Our preparatory work for this study has assembled a strong case that primary weakening mechanisms during significant crustal earthquakes are thermal, and involve the following: (1) Thermal pressurization of groundwater that is resident within the (slightly) porous fault gouge, due to frictional heating of the gouge, and (2) Flash heating at highly stressed frictional micro-contacts which, at high slip rates like during earthquakes, causes them to lose their normally high shear strength even before they have slid out of existence. Elementary modeling of these mechanisms has been constrained with recently determined poroelastic and transport properties of fault core materials, and with recent high-speed friction studies.
Predictions are that strength drop should often be nearly complete at slip of order 1 m, and that the onset of melting should be precluded over much of the seismogenic zone, except in large slip events. These are qualitatively consistent with low heat outflow from major faults and a scarcity of glass (pseudotachylyte) that would be left from rapid re-cooling. A more quantitatively testable prediction is of the shear fracture energies that would be implied if actual earthquake ruptures were controlled by those thermal mechanisms. Seismic observations have been processed to allow inference of the fracture energy of large crustal events, including its variation with slip in an event. It is found that the seismic results are plausibly described by the theoretical predictions, thus supporting the possibility that such thermal weakening prevails in the earth.
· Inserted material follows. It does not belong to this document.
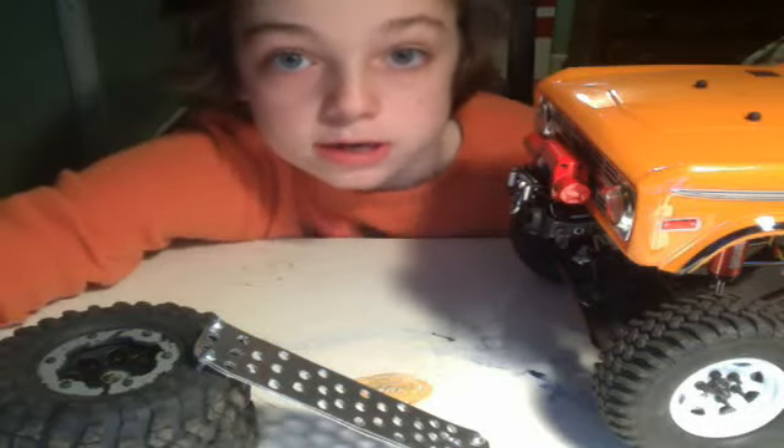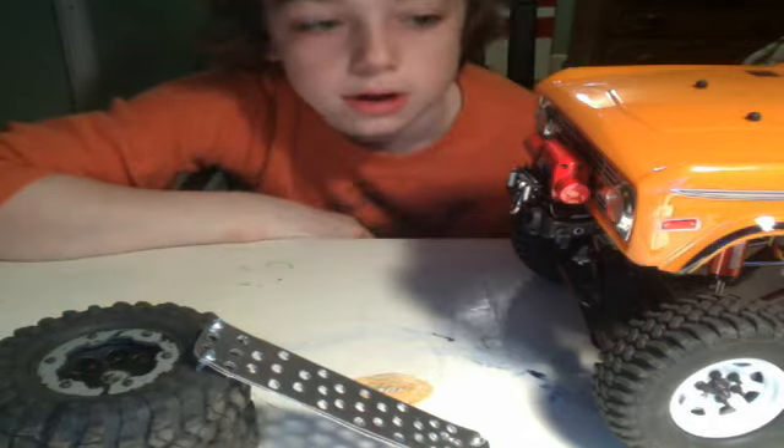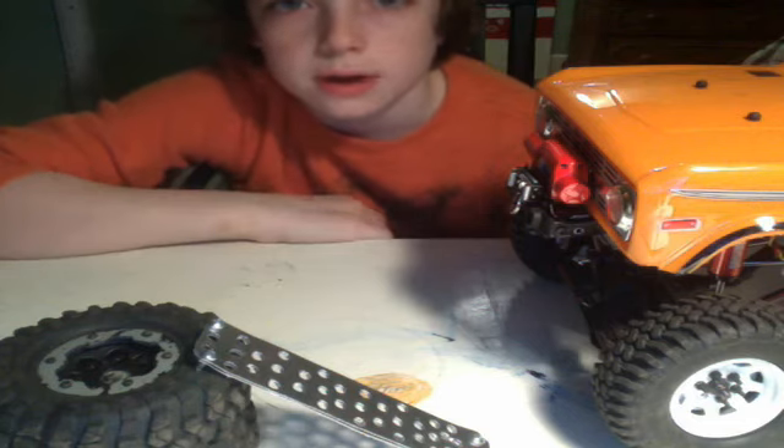Hey guys, what's up? It's 999 Sam the man here. This is just gonna be a quick test video — the best I can do right now because it's 12 o'clock at night, and I don't have school tomorrow, so don't worry about that.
This project focuses on consolidating those new advances, on expanding the modeling of the underlying physics to allow characterization of fault zone response under the highly variable slip rates of natural events, and on applying that understanding, embodied in constitutive relations, along with techniques of dynamic fracture simulation, to revisit a set of important problems in the dynamics of earthquakes, including their nucleation, propagation and arrest. We plan to develop viable methodologies of dynamic rupture analysis which incorporate these thermal mechanisms, in a 2D boundary integral equation formulations and, for more robust 2D and 3D applications, in an explicit-dynamics finite-element formulation. The problem of localization of shearing into a thin zone in otherwise stable granular lithologies will be addressed, as well as its relation to arrest of rupture as the slip zone attempts to penetrate hot regions of inherently stable, rate-strengthening, frictional response. Principles of fault operation under low overall driving stress are to be elaborated for such models of statically strong but dynamically weak fault response.